Carytown’s newest restaurant opened quietly last week, but the space speaks for itself. Xtras Cafe is visually stunning. It is sharp without being cold, polished but not pretentious. The turquoise grabs you first, with complements of lime green and pale yellow thrown in. The color combo could sound garish, but it all works beautifully. Art deco is a clear influence here, and the zigzag black and white floor draws your eye in and back to the long curved bar, which seats 18. Owner Xtra Moore was inspired in the design by a portrait of a woman done by artist Michael Sprouse.
Sprouse’s painting was hanging at Chasen Galleries up the street. She and her father had both admired it independently from afar. Moore thinks the piece represents the idea of the classic Hollywood woman, “who’s beautiful and proud of it. Elegant. Classy,” she says.
“I wanted to provide a space for women. A women-friendly hangout spot with amazing, healthy food that’s delicious, [that] you don’t have to feel guilty about.”
Moore hired the same designers who did DeLux, but Xtras doesn’t feel like a copy. At the entrance, a huge vertical print of a piece by Polish art deco painter, Tamara de Lempicka, announces the design. Moore is in talks with Main Art to display local artwork and possibly begin to host art showings.
And yes, Xtra is her real name. Turns out, she was an unexpected baby, and her parents were looking at movie credits for name ideas. Her mom was reading actors aloud and accidentally read “extras,” and the name stuck. Her father owns the building, her mother runs Bangles and Beads downstairs, and she’s been doing her parents’ accounting for years. Two years ago, when the family renovated the bead shop, they decided to add the second floor and turn it into a restaurant space. “A lot of people looked at us like we were crazy,” she confessed.
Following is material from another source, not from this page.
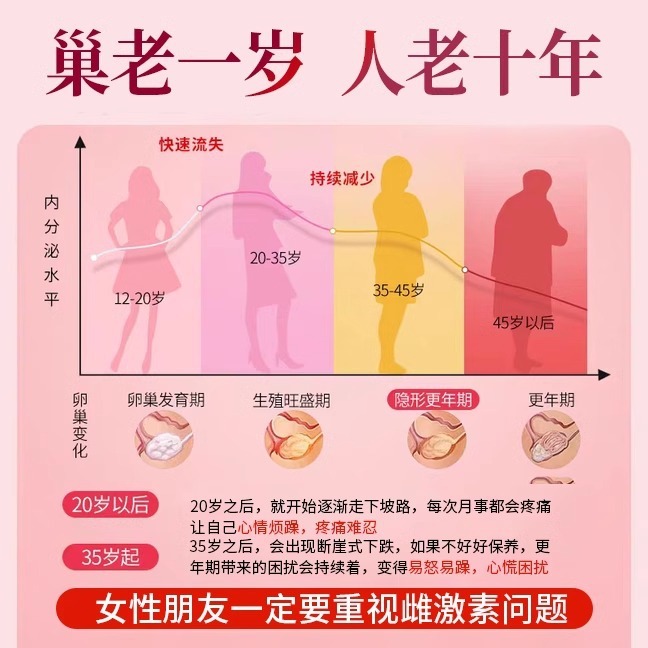 種子循環茶 プロゲステロン 亜麻仁 イチジク 黒豆 黒クコ 桑の実 健康茶種子全粉|undefined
Moore is young, but with ten years in the industry and an economics degree from the University of Virginia, she seems well-positioned. Serious and soft-spoken, she discusses her place with ease.
It’s a large restaurant, with nearly 50 seats inside. The wall opposite the bar is banquette seating, but the prime real estate is the semi-circle shaped, covered patio overlooking Cary Street. She wants to offer great portions for the price. “Everything we can make in house, we do it. I love a wet sandwich, too,” she offers. Chef Chris Aheart hails from Corner Café, where he used to work with Moore. “We’re both in this business to take care of people,” she insists.
Moore, who claims never to have been a foodie, reiterates, “So many places get caught up in the product and the food, they forget about the people.”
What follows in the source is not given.